Funding for community projects from the Robin Rigg wind farm was available to promote the parklands and, with the college having a close working relationship with Allerdale Council and Workington Nature Partnership, transitions learners were volunteered to help design signage.

The signs ask people to ‘Stop… look… listen’ and provide some background on the nature in the area.

Lecturer Jenny Proudman said: “Our transitions learners were completing an art project I was teaching.

Jenny added: “The idea was to encourage people to stop, look around them and listen to what they could hear, hence the title.

“The project was to enable learners to become more familiar with their surroundings, complete some community-based activity in a worthwhile, productive way.

“It has also helped them to use their English, Maths and digital skills in a project-based manner.

“Teamwork skills have been invaluable. Working with local employers, the learners have had to display very professional behaviours and have been fully engaged in the project, researching the species, summarising, and producing their artwork.

“When learners have seen the finished project, they have been amazed with the outcome.”

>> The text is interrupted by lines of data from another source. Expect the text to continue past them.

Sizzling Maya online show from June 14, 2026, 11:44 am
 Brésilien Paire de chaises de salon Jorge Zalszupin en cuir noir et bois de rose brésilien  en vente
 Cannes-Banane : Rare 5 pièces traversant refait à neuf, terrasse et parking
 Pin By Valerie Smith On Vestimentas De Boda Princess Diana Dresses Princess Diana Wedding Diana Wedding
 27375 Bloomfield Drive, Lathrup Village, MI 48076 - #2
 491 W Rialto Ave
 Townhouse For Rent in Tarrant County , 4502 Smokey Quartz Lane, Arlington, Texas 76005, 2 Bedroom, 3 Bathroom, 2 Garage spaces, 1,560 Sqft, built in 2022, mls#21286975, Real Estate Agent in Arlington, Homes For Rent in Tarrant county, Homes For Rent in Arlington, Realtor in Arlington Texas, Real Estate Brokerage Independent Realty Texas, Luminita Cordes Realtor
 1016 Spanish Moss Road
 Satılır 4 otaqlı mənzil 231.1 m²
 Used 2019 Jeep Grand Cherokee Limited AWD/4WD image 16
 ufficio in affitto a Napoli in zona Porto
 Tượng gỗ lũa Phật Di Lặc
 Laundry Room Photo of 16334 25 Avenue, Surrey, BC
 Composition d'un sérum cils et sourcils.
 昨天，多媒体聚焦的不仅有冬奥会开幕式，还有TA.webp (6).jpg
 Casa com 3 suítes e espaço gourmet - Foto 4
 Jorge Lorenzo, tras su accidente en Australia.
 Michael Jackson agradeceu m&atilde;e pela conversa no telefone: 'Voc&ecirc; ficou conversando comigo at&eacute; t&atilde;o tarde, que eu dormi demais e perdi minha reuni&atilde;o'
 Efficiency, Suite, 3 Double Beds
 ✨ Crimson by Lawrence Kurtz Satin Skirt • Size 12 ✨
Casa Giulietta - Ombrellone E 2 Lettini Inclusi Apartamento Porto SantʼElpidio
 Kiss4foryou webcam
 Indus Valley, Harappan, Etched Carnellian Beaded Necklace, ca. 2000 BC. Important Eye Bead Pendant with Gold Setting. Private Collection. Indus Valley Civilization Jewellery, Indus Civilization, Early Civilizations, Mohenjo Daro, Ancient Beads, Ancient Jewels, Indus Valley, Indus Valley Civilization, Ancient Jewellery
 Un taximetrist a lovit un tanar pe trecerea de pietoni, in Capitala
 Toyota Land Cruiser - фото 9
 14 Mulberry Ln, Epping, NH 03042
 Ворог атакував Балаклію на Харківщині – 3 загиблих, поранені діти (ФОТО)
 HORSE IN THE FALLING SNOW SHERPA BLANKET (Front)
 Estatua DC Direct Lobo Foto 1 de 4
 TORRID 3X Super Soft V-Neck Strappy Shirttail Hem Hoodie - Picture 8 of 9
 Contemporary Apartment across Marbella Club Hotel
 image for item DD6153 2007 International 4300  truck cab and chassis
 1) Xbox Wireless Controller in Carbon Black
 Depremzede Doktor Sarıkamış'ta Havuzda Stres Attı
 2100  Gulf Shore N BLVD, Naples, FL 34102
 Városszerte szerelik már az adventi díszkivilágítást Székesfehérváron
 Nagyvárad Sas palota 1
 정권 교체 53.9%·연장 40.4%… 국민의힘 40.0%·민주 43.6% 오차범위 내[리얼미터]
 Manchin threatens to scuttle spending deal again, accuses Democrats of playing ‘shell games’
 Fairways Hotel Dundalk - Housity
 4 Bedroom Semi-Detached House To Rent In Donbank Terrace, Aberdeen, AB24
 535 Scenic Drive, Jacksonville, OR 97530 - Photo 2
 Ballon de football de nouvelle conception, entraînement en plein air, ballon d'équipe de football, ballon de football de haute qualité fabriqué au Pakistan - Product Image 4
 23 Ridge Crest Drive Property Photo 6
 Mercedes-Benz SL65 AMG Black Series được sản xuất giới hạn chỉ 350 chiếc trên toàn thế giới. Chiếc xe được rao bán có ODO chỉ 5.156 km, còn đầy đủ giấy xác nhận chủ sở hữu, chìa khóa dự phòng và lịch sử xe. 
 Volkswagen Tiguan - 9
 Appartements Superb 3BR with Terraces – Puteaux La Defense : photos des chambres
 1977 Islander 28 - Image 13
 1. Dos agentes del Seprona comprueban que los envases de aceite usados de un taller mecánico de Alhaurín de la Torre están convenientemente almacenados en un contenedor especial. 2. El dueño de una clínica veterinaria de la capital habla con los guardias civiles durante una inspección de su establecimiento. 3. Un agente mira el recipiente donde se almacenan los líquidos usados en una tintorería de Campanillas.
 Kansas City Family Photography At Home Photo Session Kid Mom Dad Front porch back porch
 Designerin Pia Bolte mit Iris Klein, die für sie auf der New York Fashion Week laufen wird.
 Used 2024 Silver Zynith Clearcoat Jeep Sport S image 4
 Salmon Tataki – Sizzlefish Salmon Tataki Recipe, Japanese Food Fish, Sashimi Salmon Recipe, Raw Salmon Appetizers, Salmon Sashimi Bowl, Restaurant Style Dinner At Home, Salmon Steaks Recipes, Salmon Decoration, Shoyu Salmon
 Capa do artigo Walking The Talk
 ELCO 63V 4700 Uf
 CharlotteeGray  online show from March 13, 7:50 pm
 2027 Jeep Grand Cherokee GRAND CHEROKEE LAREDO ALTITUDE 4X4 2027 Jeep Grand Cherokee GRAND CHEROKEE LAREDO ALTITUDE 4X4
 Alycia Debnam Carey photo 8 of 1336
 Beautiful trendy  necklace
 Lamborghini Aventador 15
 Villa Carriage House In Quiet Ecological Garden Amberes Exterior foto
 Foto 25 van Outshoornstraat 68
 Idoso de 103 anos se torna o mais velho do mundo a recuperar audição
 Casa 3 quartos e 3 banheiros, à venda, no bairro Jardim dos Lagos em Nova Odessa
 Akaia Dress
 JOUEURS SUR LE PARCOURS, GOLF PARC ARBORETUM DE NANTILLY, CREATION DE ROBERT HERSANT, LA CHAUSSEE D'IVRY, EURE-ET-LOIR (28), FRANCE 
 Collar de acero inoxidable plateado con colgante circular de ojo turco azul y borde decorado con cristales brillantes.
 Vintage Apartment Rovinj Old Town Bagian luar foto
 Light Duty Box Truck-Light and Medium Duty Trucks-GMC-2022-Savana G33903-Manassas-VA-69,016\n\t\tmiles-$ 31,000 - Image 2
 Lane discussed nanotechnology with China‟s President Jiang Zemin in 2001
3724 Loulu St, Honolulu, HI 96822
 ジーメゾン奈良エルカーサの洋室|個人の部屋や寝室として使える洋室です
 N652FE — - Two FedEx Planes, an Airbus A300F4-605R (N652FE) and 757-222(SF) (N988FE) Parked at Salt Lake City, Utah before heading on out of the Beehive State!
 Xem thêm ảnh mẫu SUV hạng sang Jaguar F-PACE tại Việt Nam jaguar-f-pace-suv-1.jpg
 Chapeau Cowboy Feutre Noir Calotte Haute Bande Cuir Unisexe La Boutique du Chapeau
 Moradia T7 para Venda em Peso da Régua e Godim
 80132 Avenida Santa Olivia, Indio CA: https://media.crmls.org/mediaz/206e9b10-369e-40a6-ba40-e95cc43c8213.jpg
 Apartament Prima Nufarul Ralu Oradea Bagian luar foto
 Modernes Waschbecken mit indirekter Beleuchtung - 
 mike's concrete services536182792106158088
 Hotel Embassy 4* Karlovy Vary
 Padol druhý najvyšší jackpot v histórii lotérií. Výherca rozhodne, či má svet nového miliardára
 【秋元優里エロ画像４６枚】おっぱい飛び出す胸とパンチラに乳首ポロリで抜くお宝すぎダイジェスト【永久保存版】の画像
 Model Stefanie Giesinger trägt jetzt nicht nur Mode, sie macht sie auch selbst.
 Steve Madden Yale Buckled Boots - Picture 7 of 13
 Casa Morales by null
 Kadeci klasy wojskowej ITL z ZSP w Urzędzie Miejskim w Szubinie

The finished product even prompted a ‘Wow’ from one of the learners involved.

Workington Nature Partnership said: “We installed some signage around Workington Hall Parklands which was designed by Lakes College students and encourages park users to take a second to notice some of what makes the park special.

“On a lovely morning like today it really wasn’t hard to stop and soak up the springtime vibes with multiple pairs of great spotted woodpeckers noisily flitting about and even drumming above us.

“The chorus of birdsong is really ramping up and with so many snowdrops, daffodils and bluebells starting to emerge it really is an exciting and hopeful time of year.”